Doing biological science in space
After securing funding for the research project in early 2011, the team had only six months to prepare for the launch. But, having conducted systems biology work since the late 1990s, the team was a well-oiled machine. Jett said she and her colleagues had a workable plan in mind "but it was a matter of adapting to make it work in space." That was easier said than done.

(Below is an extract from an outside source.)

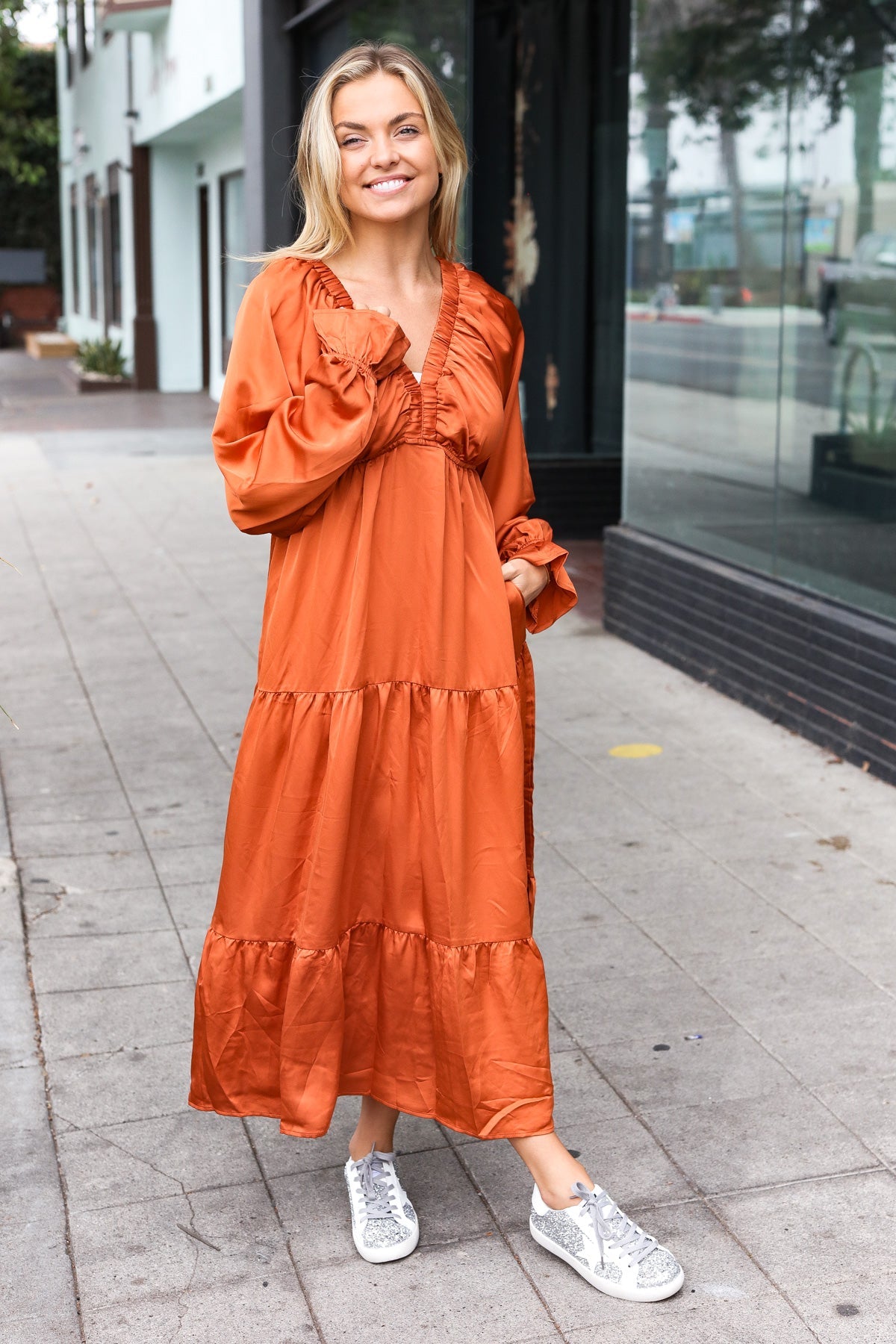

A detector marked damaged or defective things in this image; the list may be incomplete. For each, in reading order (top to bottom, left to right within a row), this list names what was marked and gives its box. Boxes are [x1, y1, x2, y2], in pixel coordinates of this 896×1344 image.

rust satin maxi dress [190, 252, 582, 1134]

"One of the complexities was to be prepared to repeat the entire setup in case the launch did not occur on the designated day. Because our cell cultures required three days to prepare for launch, we had to have cultures ready for the backup dates even while preparing as the shuttle was on the launch pad," she said. "Our technical staff got just two hours of sleep the night before the launch, since they had to prepare for the next two launch dates in case of delay. It was exhausting, exciting and an unbelievable experience."
When it was time for Atlantis to return to Earth, the logistics were equally challenging. Uncertain whether the landing would take place in Florida or California, the team dispatched a member to each coast.
"We had one person in the air going to Cape Canaveral. Dr. Hammamieh was in the airport ready to step on the plane to go to L.A. and asked, 'If I hear it's landing at Cape Canaveral, can I step off?' And then, just before she stepped through the door of the plane and they were going to close it, she got the message 'It's landing at Cape Canaveral!' and she got off. It was a crazy time. It was really fun."